Depremlerin kültür mirasını vurması, gözleri İstanbul'daki tarihi yapılara çevirdi

4 Unesco Dünya Miras Alanı, 3 bin 715 sit alanı ve 7 bin 987 tescilli taşınmaz kültür varlığının yanı sıra binlerce müzenin bulunduğu alandaki hasarı ve yapılması gerekenleri, arkeolog-editör Nezih Başgelen'le konuştuk

Kolaj: Indigo 

6 Şubat'ta gerçekleşen ve Türkiye'yi yasa boğan depremlerde 50 bini aşkın kişi yaşamını yitirirken, 10 kentte ağır yıkım meydana geldi.

Aralarında cami, sinagog ve kiliselerin yer aldığı inanç merkezleri ile müzelerin bulunduğu kültürel ve tarihi varlıkların birçoğunda da hasar oluştu.

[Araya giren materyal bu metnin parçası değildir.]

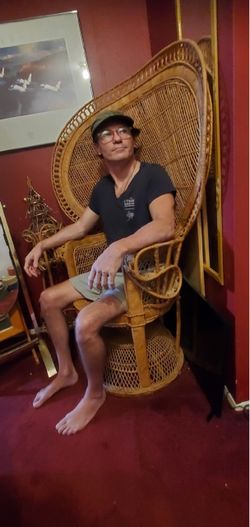 Vintage Wicker Peacock Chair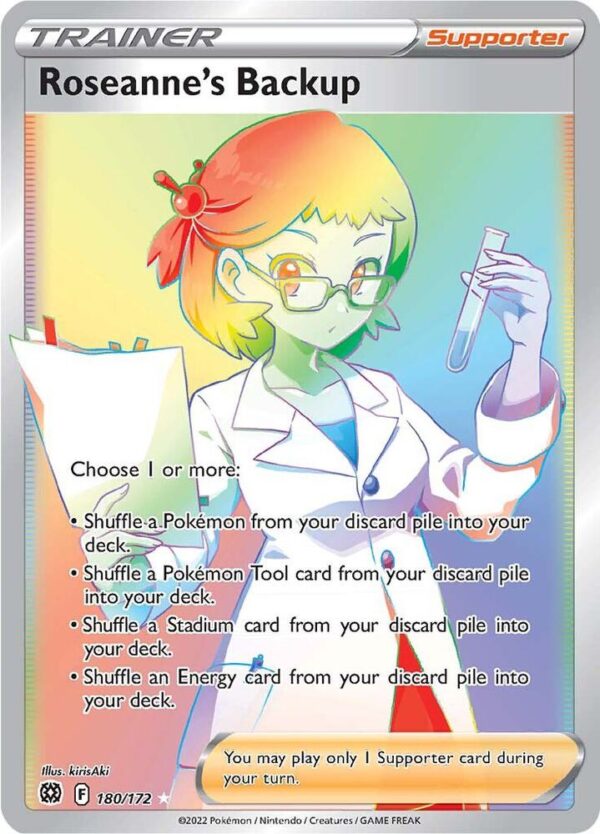 Roseanne’s Backup (Secret) 180/172 Holofoil SWSH09: Brilliant Stars
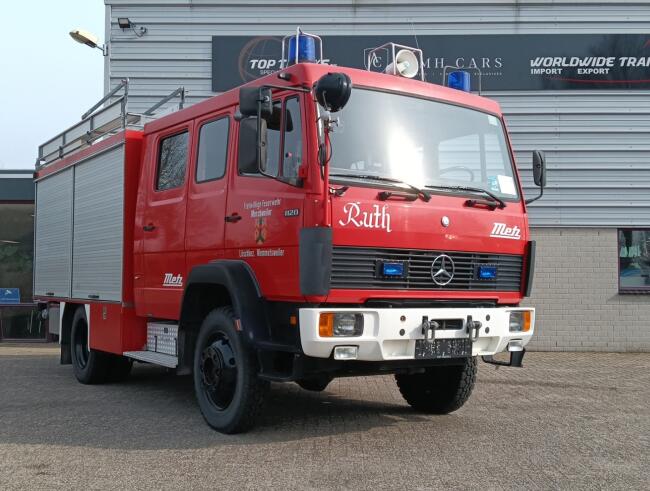 Mercedes-Benz 1120 4x4 - 1.200 ltr Brandweer,Feuerwehr, Fire brigade- Crew Cab - Expeditie, Camper TT 4740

Kültürel ve tarihi varlıkların aldığı hasar sadece resmi sayılarla ya da para birimiyle açıklanamaz.

Hasarın boyutunu ortaya koyarken mevcut tabloya göz atmak şart. Kültür mirası ve müzelerdeki hasarın 1 milyar TL'yi bulduğu açıklandı.

Hasar alan ya da yıkılan tarihi yapıların yeniden ihya çalışmaları için ise 23 milyar TL'den fazlasının gerektiği kaydedildi.

 

Antakya Rum Ortodoks Kilisesi AA.jpg
Antakya Rum Ortodoks Kilisesi / Fotoğraf: AA

 

Depremin vurduğu alanda, Kültür ve Turizm Bakanlığı Kültür Varlıkları ve Müzeler Genel Müdürlüğü'ne bağlı 28 müze ve 22 ören yeri bulunuyor.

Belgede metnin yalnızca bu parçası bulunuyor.